The audience saves Cliff this time. He grabs a surprised person from the front row to take the bag off his head, asking him to promise to never give it back to him. It is this interaction with the audience, the fourth wall permanently broken, that gives a necessary spark to this production – it is never afraid to shock, transport or to even splash the audience with a certain food substance (avoid the front row if you are wearing white).
From the first scene, Cardinal’s prime message to us is to “breathe”. With that, he takes his audience (who he calls his “imaginary friends”) back in time to the circumstances which led his character to that first suicide attempt.

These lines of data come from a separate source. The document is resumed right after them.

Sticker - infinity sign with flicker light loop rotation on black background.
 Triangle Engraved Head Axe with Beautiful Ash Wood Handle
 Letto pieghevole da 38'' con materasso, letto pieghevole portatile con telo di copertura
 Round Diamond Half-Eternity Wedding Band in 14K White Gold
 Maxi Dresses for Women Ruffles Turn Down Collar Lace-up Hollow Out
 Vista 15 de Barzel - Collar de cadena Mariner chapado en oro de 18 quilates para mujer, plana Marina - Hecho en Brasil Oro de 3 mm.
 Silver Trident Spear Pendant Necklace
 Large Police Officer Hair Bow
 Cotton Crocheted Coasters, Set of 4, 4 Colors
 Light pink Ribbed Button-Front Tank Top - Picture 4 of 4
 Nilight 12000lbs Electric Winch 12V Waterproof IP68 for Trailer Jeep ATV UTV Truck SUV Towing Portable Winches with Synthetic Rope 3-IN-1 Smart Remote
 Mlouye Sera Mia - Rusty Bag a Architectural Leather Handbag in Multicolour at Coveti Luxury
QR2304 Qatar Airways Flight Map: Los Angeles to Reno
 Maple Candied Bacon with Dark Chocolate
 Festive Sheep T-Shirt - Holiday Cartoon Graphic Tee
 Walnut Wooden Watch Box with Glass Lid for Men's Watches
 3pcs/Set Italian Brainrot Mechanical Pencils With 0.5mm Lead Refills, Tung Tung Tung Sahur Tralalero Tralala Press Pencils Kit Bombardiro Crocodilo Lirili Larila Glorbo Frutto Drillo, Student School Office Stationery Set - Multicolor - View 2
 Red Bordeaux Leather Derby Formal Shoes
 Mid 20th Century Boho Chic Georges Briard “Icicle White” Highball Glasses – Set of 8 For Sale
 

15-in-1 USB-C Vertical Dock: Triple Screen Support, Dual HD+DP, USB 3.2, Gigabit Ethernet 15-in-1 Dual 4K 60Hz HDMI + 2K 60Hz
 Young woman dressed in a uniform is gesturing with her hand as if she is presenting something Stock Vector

For seventy minutes, Cardinal stalks the stage as a multitude of characters. Along with Wind, he takes on his brothers, the young Huff, slight-pervert brother Charles, as well s as his father and father’s girlfriend Donna. It’s a miraculous show of energy as Cardinal traces the scars of his mother’s suicide through his family line and the way it has shaped his own life. We only become disengaged with the story when the transitions between his many personas becomes jumbled and confusing, and the establishment and clarity of singular characters is lost between the shifts of dreamlike sequences and reality.
An Indigenous production, Huff intertwines spiritual figures such as Trickster – a humorous figure that shows the consequences of wrongdoing – into the narrative. But the First Nation people and Wind’s family’s roots are often assumed rather than spoken; a mention of the high statistical rates of suicides among the First Nations living on Reserves is only briefly present, and could perhaps have benefited more by providing more context about the systemic problems present in that community.
Nevertheless, there is a lot to appreciate in Huff, especially in its audacious mode of storytelling. If anything, it reminds us of the need to take in life step-by-step and to take the time to breathe.